Machine learned interatomic potentials (MLIPs) have become popular in recent years since they can provide ab initio level of accuracy in energies, forces and stresses needed for MD simulations, geometry optimizations and single point calculations at modest computational effort. Moment tensor potentials (MTPs) are a class of MLIPs that have been identified to provide high performance for a given accuracy when compared to other MLIP models in the literature [1]. On training an MTP for a system of interest, our goal is to establish a structure-property relationship - here, ‘structure’ is the atomistic description of the system (3N Cartesian coordinates) and ‘property’ is the system’s potential energy surface (PES - 3N dimensional function).

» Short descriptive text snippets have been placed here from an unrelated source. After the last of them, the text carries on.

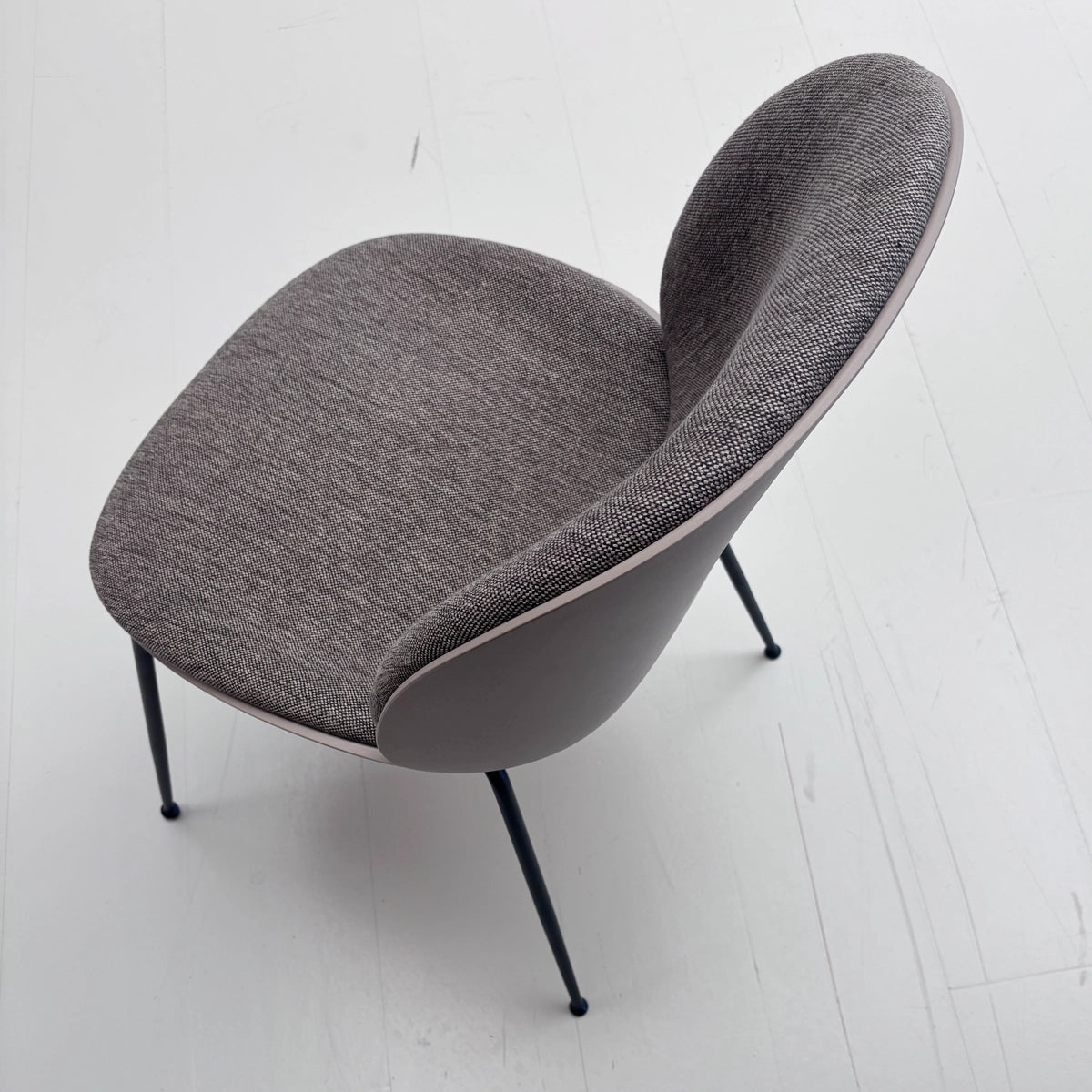 Gubi Beetle Chair - 6 stk. Samlet - DEMO.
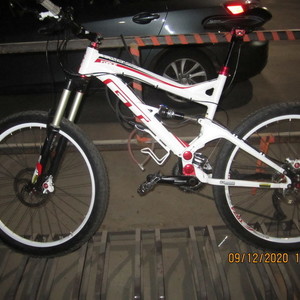 2011 GT Bicycles Full Suspension White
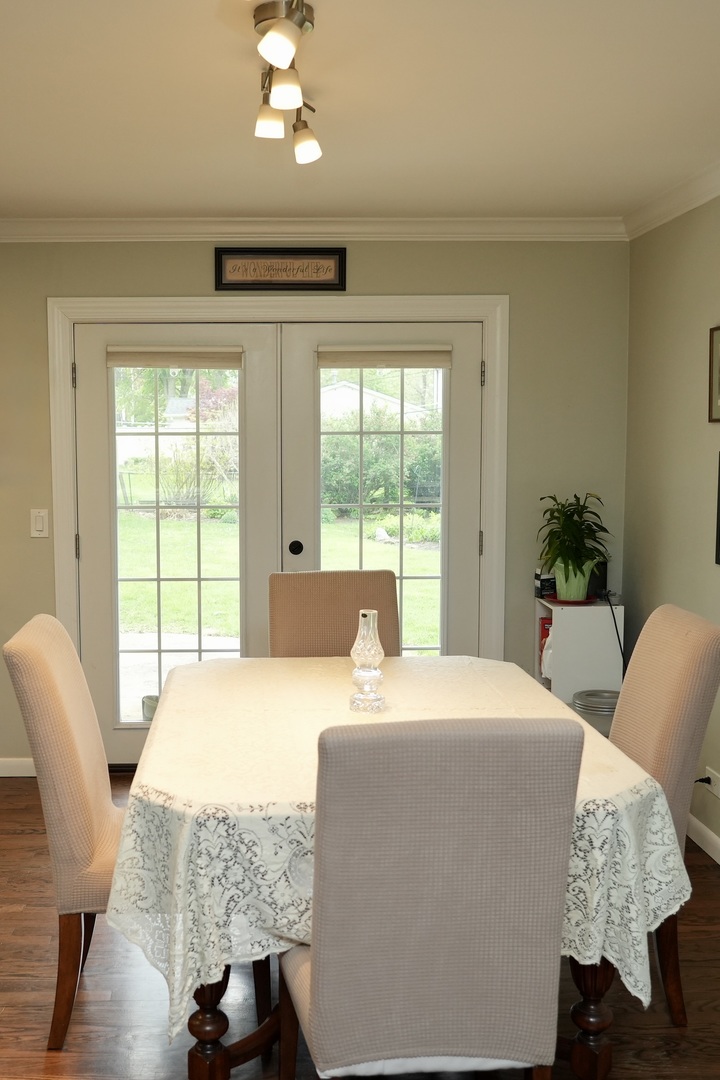 211 Sandalwood Drive, Naperville, IL 60540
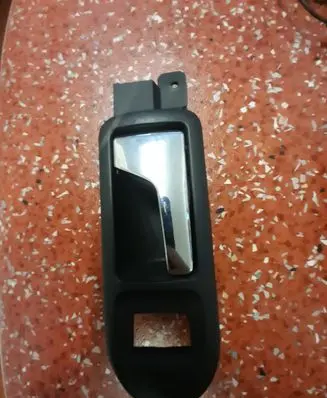 Volkswagen PASSAT B5 Front door interior handle 3B1837114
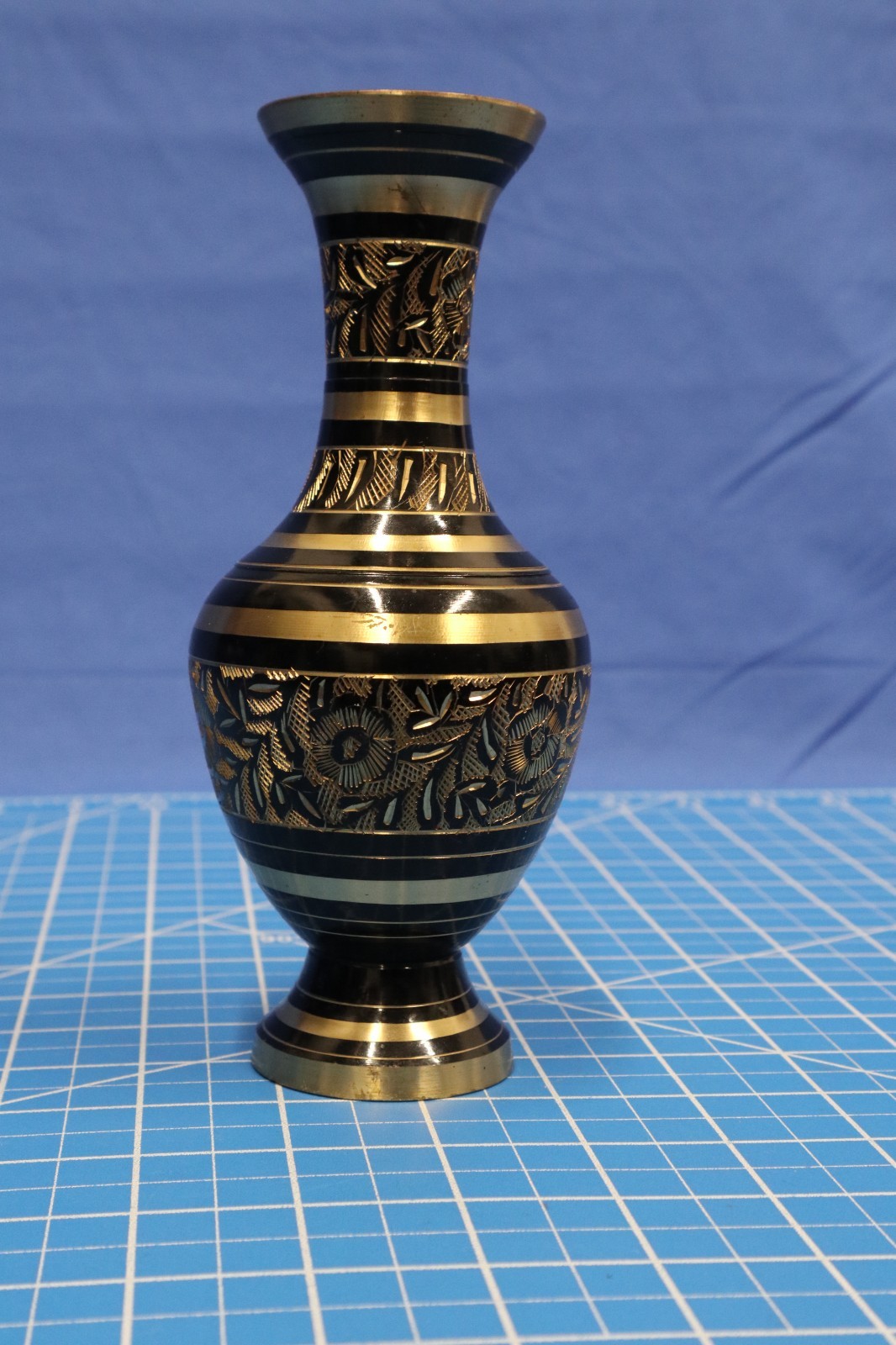 Vintage Etched Brass Black And Gold Vase with Flowers and Leaves 7\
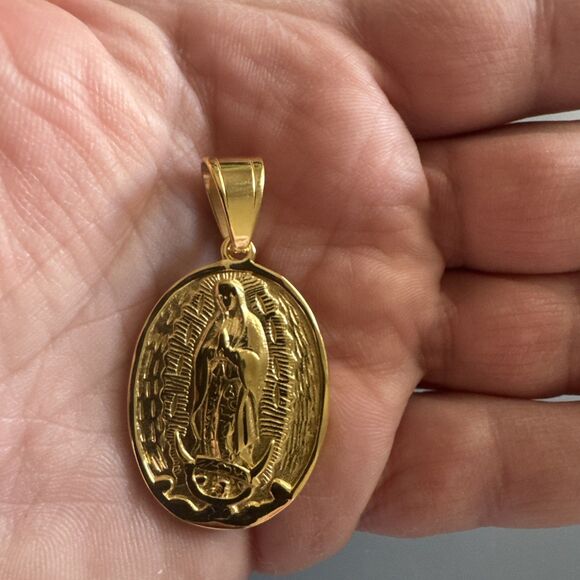 Virgin Mary Stainless Steel Pendant Jesus Christ Religious Faith 24 Inch Gold - Picture 4 of 6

Within MTP framework, the total energy of a configuration is computed as the sum of energy contributions from atomic neighborhoods. Atomic neighborhoods are defined as the representation of the immediate chemical environment of each atom in the system within a cutoff radius. Since Cartesian coordinates are not invariant to translations, rotations and permutations of atoms in the configuration, they can not be used as such as inputs in MTP training. Moment tensors include the radial, angular, and many-body distribution of atoms within a cutoff sphere. Their contractions into scalar basis functions provide an invariant representation of atomic environments (‘structure’) needed as input for MTP training [2]. An electronic structure method, such as density functional theory (DFT), that describes the system of interest accurately is chosen as the ‘reference method’ to compute the ‘properties’ of interest. A ‘reference data set’ includes the reference configurations representing the system of interest along with their energies (E), atomic forces (F) and stress tensors (S) computed using the chosen reference method.

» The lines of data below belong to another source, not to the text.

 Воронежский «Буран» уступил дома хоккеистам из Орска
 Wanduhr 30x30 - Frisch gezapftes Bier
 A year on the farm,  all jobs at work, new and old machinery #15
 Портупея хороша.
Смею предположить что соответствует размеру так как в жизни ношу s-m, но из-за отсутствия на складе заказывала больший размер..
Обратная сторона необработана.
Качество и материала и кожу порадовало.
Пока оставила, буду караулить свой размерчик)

A MTP can be trained by fitting a linear regression model to the reference data set. MTP training on a reference data set can be performed in two ways: batch learning and active learning. In batch learning, an MTP is trained on a precomputed reference data set. In active learning, a preliminary reference data set is improved on-the-fly by actively adding missing configurations to it. This is done by first training a preliminary MTP on the initial reference data and starting an MD simulation using this MTP potential. When geometries that are very different from the initial reference geometries are encountered in the MD, they are added to the reference data set after computing their E, F and S using the reference method as described in [3] and [4].

It is important to understand that MTPs or any other MLIPs are trained to describe a system accurately (very close to the reference method) within the configurational space of the system sampled in the training data set. Unlike many empirical potentials with physical functional forms, MLIPs are not highly transferable. Therefore, an MLIP trained for a bulk material might not describe free surfaces or nanoparticles of that material accurately unless such geometries are explicitly included in the training data set. Moreover, an MLIP trained for room temperature behavior of a system might not work reliably to describe the system at high temperatures unless disordered structures relevant at high temperatures are included in the training dataset. To improve transferability, active learning of the system at its desired state (high temperatures or surface geometries) should be carried out in order to include the missing reference data.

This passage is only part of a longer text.